Children do forget. They forget too quickly and too easily. Note: this is a terrible excuse to mistreat yours.

Mum would then hold my hand and walk me to the nursery school 6 km away. She would tell me stories as we trudged along the narrow foot-path, side to side. She would sometimes carry me on her back if we came across mud or a pool of water, to avoid muddying my shoes or wetting my socks.

I tried to understand her but I could not. I mean, she had just beaten the hell out of me and shoved me into cold water. Then she had given me a sumptous breakfast. Now, she was telling me stories and carrying me on her back. What paradox! I guess women are never meant to be understood at any point in life. The sooner we accept that the better.

We would arrive at school at precisely 7:30. Mum would set me down, hand me my exercise book and the pencil. She would help me remember the things we had been taught on the previous day because the teacher would ask. This would give me an edge over the other unfortunate pupils, whose parents cared less whether they were being taught or not.

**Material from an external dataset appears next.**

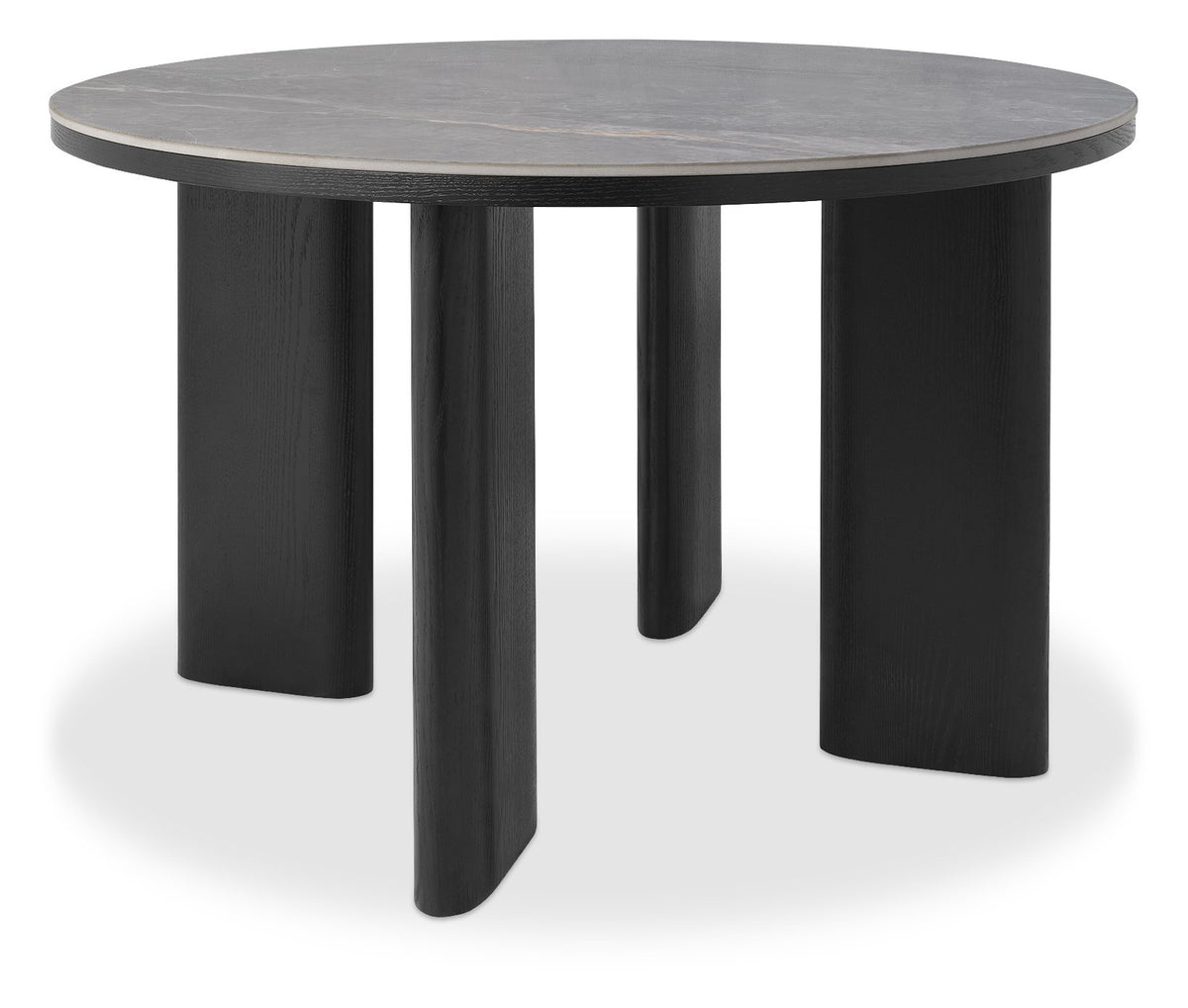 Carmen Gloss Grey Sintered Stone 4 Seater Dining Table with Black Oak Veneer Legs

There would be enough time left for us to say our good-byes because classes started at 8. Mum would remind me in between to be a good boy and to ensure that I lifted my hand high enough to catch the teacher’s eye. “Do not forget to hand in your book for marking,” she would call after me as I ran into the school compound, confident that at the end of classes at noon, she would be there, waiting for me as if she had never left, to take me back home and deal with my hunger.

Those were the good old days.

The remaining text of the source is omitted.